週に一度か二度はサウナに入る。最近は通勤途中で下車して立ち寄る「かるまる池袋」がお気に入りだ。

もしサウナがなかったら、僕はいま人生に迷っていたんじゃないかという気がする。
いまも全く迷っていないとは言い切れないので「より迷っていた」という表現が的確かもしれないけれど、でもまあとにかくサウナは、自分の人生の方向性を整えるために役立っている。

そして、実はそういう人って多いんじゃないかなと思っている。サウナがこれだけ流行っていて、一時のブームとして下火になっていく兆しが見えないのは、サウナがなんらかの潜在需要を満たしているからなんじゃないだろうか。


サウナ欲が生まれるとき

どうしようもなく日常に疲れを感じるときがある。
精神の消耗は、主に人と人とのコンフリクトによって起きる。その多くは努力によって回避することが難しく、回避が正解にならないケース(どうせぶつかるのなら早急にぶつけてしまった方がいいという場合)も多い。

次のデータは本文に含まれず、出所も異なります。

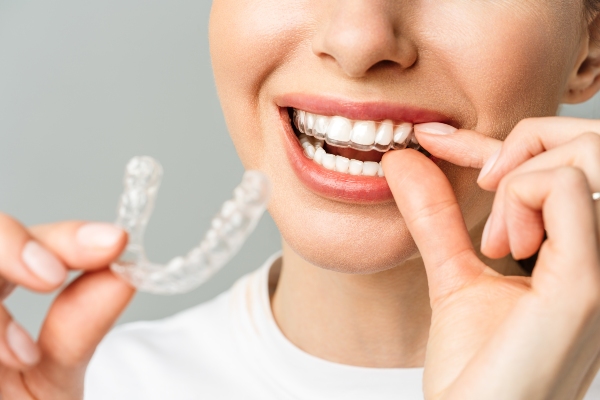 Should I Choose Braces or Clear Aligners? from Price Family Orthodontics in Frisco, TX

そんな日々が積み重なってくると、サウナに行かなければならないという切迫感のようなものが芽生えはじめる。長く潜水しているとき、水面の酸素を欲するみたいに。

端的に言えば、もちろん「安らぎを求めて」ということになるのだけれど、サウナには「安らぎ」という言葉で簡単にまとめられないような何かがある。

たとえばこんな感じに表現するとしっくりくる。

『我々は日々を過ごすことで、少しずつ何かを失っている。しかしサウナによって、それを取り戻すことができる』

我々は日々、何を失っているのか。
そして、安らぎを経て何を取り戻しているのだろうか。


我々が日々失っているものたち

先日テラスハウスを見ていて、ある女の子が号泣している姿が強く心に残った。
番組で放映された、その幾分悪意ある編集によって描かれている過去の自分自身を見て、そして追撃のようにネット上で叩かれたことに対して「この家つらすぎる」と泣いていたのだ。

どんなことになっているのかなとSNSを検索してみると、そこには本人だったら耐え難いような言葉がたくさん並んでいたのだった。

いま世の中は、こういった類の厳しさに満ちている。

批判を避ける位置に陣取って、批判を受けない場所から攻撃をするのが、みんな上手だ。

実際に叩かれている人たちは言う。
叩いてる人は軽い気持ちで書いてるんだよ。だから気にしてたらキリがないし、重く受け止める必要はないよ、と。

確かにそうだ。そうなのだけれど、やっぱり言葉の持つ直接的な鋭さって奴はあって、それは確実な身体的痛みを与えてくるのである。

身体は痛い、でも心は平気。
そうして身体と心が乖離していく。


SNSだけの話ではない

人は成長する。たとえば30歳の頃には「そうだよね!」と互いに共感できていた共同体も、30代後半になると、そう簡単には動かなくなる。

それぞれに、それぞれの専門分野が出来てくると、その専門分野に基づいて否定しあうことが多くなる。日常は否定に満ちていく。そしてそれは、正しい成長の証でもある。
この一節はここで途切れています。